A anarquia do flamenco segundo Israel Galván
É considerado um dos grandes inovadores do flamenco. Apresenta este sábado no Rivoli, no Porto, o espectáculo Fla.Co.Men, em que o seu corpo funciona como um instrumento.
Israel Galván dança desde que se lembra de existir. “Dançava sem motivo porque pensava que dançar era o normal.” Nada é por acaso: é filho de dois bailadores sevilhanos, José Galván e Eugenia de los Reyes, que o puxavam para cima do palco tinha ele apenas dois anos. “Dançava como se fosse um jogo, em vez do futebol”, diz ao PÚBLICO.
Hoje, aos quarenta, é considerado um dos grandes inovadores do flamenco. Este sábado, às 19h, apresenta no Teatro Municipal Rivoli, no Porto, o espectáculo Fla.Co.Men, que lhe tem valido uma digressão intensa pela Europa, do Théâtre de la Ville, em Paris, ao Sadler’s Wells, em Londres (no ano passado passou também pelo Centro Cultural de Belém, em Lisboa).
Fla.Co.Men começou a ser germinado “a partir de um cocktail” de todos os seus espectáculos, explica o bailarino, que, além das criações a solo – que tanto se debruçaram sobre autores como Franz Kafka como olharam para o genocídio de ciganos no Holocausto –, trabalhou também em conjunto com nomes de dentro e de fora do flamenco, como o coreógrafo Akram Khan. Apesar “das pontes com o passado”, Fla.Co.Men abriu “novas portas”. “Abriu um mundo novo e estranho, para mim e para as outras pessoas no projecto”, refere o criador. “Tivemos todos de nos acostumar.”
Israel Galván conduz o flamenco para terrenos mais experimentais, onde uma certa teatralização e uma desconstrução dos vocabulários do flamenco dialogam com as potencialidades percussivas do corpo – dos dedos das mãos aos pés, com o clássico zapateado. O corpo de Galván é um recreio de sons e ritmos, um instrumento por si só. Isso, mais os vários músicos e cantores presentes em palco, fazem de Fla.Co.Men uma peça de dança-concerto. Sem guião. “Quando não há nada numa obra é quando há um montão de coisas”, considera o bailarino.

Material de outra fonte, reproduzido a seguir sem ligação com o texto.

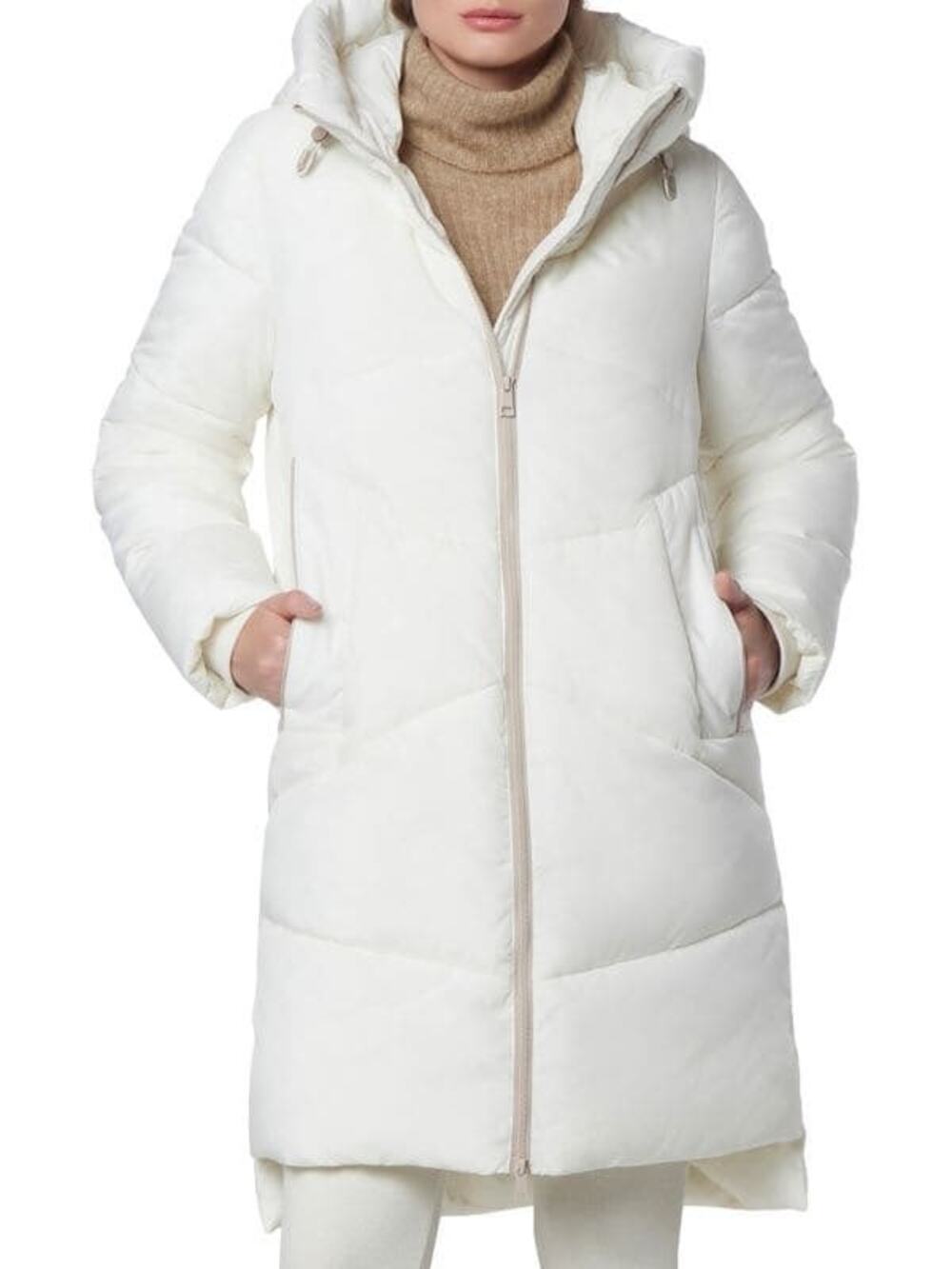 NWT ANDREW MARC Baisley Relaxed Fit Puffer Jacket M
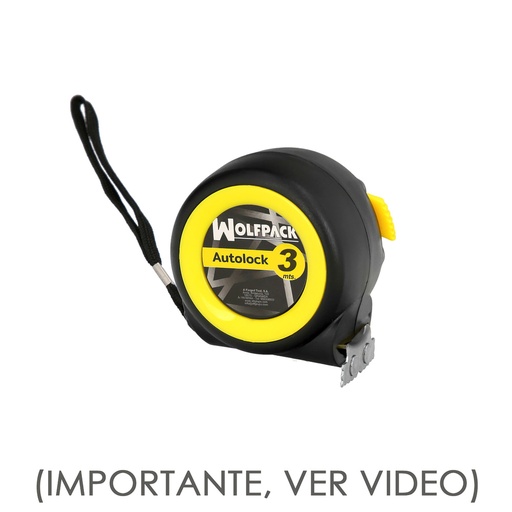 [2300105] Flexometro Sistema Autolock Con Freno Automatico Longitud 3 Metros Ancho Cinta 16 mm. Magnetico. Cinta Metrica Freno Automatico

O que mais lhe interessa é a liberdade para ir criando (“não sei fazer um espectáculo profissional, ele vai-se profissionalizando”) e a “liberdade de movimento”. Israel Galván faz questão de fazer as coisas à sua maneira, mas sem deixar de estabelecer ligações com o passado, sem deixar de se inspirar em bailarinos de flamenco que não ficaram para a história. “O flamenco que conhecemos melhor é mais linear, mais clássico, mas antes o flamenco era burlesco, mais grotesco, com corpos menos formatados, menos profissionais”, diz. “Eu acredito que não se pode perder a anarquia flamenca. O que é flamenco é a maneira de estar, o gesto. A partir daí moves-te como queres. Eu não tenho uma escola.”